Other BitTorrent Sync Notes

There are mobile (iOS and Android) versions of BitTorrent Sync available. Much like their Dropbox counterparts, these applications refresh a file listing for associated torrents when opened but only download files on demand. Torrents can be added by scanning a QR code generated by the desktop application, which is both an awesome use of QR codes and easier than typing the shared secret on a mobile device. The mobile BitTorrent Sync application has an option to automatically backup pictures from the device.

Currently, it is not possible to check the status of torrents from the command line. This can only be done using the BitTorrent Sync web interface.

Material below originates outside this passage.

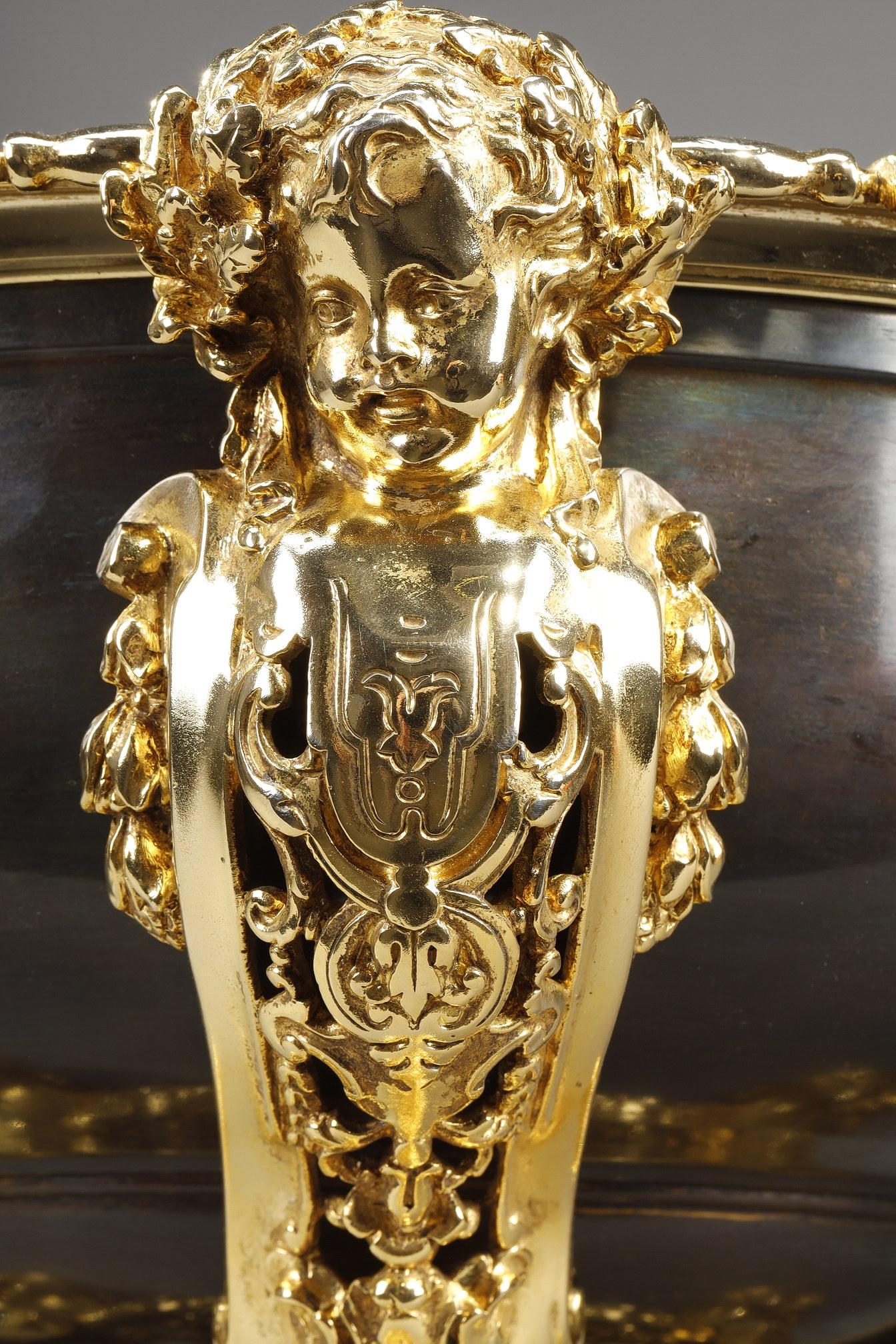 Gilded and Patinated Bronze Bowl, Late 19th Century For Sale 6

In the future, I'd love to see a command line option added so I can create an automated method to check the status of BitTorrent Sync on my web server.

I currently use a derivation of an rsync-based script, called rsnapshot, to imitate the incremental backups created by Apple's Time Machine because I have had many issues with Time Machine in the past. This script was formerly used to synchronize files from my laptop to the Drobo when I was at home. Now that the Drobo always contains an updated copy of my files, I am experimenting with running rsnapshot directly on the Drobo and synchronizing files directly from my torrent directory.

  1. Various automation programs could be used to run these programs at regular intervals. However, ssh tunneling to my computer in lab is sometimes problematic due to university-imposed firewall rules, so I do not feel comfortable assuming an automated synchronization method completed successfully. 

  2. There is a promotion code (GOTMEADEAL) which offers a significant discount for the lifetime of the virtual machine. 

  3. I can't stress how important security is for a web-accessible server. In the approximately 20 minutes from when Backupsy provisioned my server to the time that I disabled ssh access for root, there were over 50 attempts from a foreign IP address to determine the root password by brute force methods. 

  4. The inability to use shared_folders and webui at the same time is mentioned in the BitTorrent Sync manual, but I didn't discover this until after puzzling over the issue for some time. RTFM.